** EXERCISE **
Reproduce all records verbatim.

** DATA FOR PROCESSING **

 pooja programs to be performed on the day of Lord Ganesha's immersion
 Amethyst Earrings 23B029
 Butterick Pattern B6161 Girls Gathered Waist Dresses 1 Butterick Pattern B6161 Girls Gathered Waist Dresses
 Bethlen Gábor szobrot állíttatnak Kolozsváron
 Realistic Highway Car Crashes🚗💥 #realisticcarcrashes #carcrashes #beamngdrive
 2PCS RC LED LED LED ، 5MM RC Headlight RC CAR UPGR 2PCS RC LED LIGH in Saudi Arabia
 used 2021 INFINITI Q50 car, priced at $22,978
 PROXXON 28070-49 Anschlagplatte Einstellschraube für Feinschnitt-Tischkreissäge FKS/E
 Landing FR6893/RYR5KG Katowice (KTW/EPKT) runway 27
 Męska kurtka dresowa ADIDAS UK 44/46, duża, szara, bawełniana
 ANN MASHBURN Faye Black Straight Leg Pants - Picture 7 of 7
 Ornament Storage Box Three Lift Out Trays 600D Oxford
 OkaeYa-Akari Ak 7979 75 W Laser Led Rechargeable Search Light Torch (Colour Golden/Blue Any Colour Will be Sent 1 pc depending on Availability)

** SOLUTION TO THIS EXERCISE **
 pooja programs to be performed on the day of Lord Ganesha's immersion
 Amethyst Earrings 23B029
 Butterick Pattern B6161 Girls Gathered Waist Dresses 1 Butterick Pattern B6161 Girls Gathered Waist Dresses
 Bethlen Gábor szobrot állíttatnak Kolozsváron
 Realistic Highway Car Crashes🚗💥 #realisticcarcrashes #carcrashes #beamngdrive
 2PCS RC LED LED LED ، 5MM RC Headlight RC CAR UPGR 2PCS RC LED LIGH in Saudi Arabia
 used 2021 INFINITI Q50 car, priced at $22,978
 PROXXON 28070-49 Anschlagplatte Einstellschraube für Feinschnitt-Tischkreissäge FKS/E
 Landing FR6893/RYR5KG Katowice (KTW/EPKT) runway 27
 Męska kurtka dresowa ADIDAS UK 44/46, duża, szara, bawełniana
 ANN MASHBURN Faye Black Straight Leg Pants - Picture 7 of 7
 Ornament Storage Box Three Lift Out Trays 600D Oxford
 OkaeYa-Akari Ak 7979 75 W Laser Led Rechargeable Search Light Torch (Colour Golden/Blue Any Colour Will be Sent 1 pc depending on Availability)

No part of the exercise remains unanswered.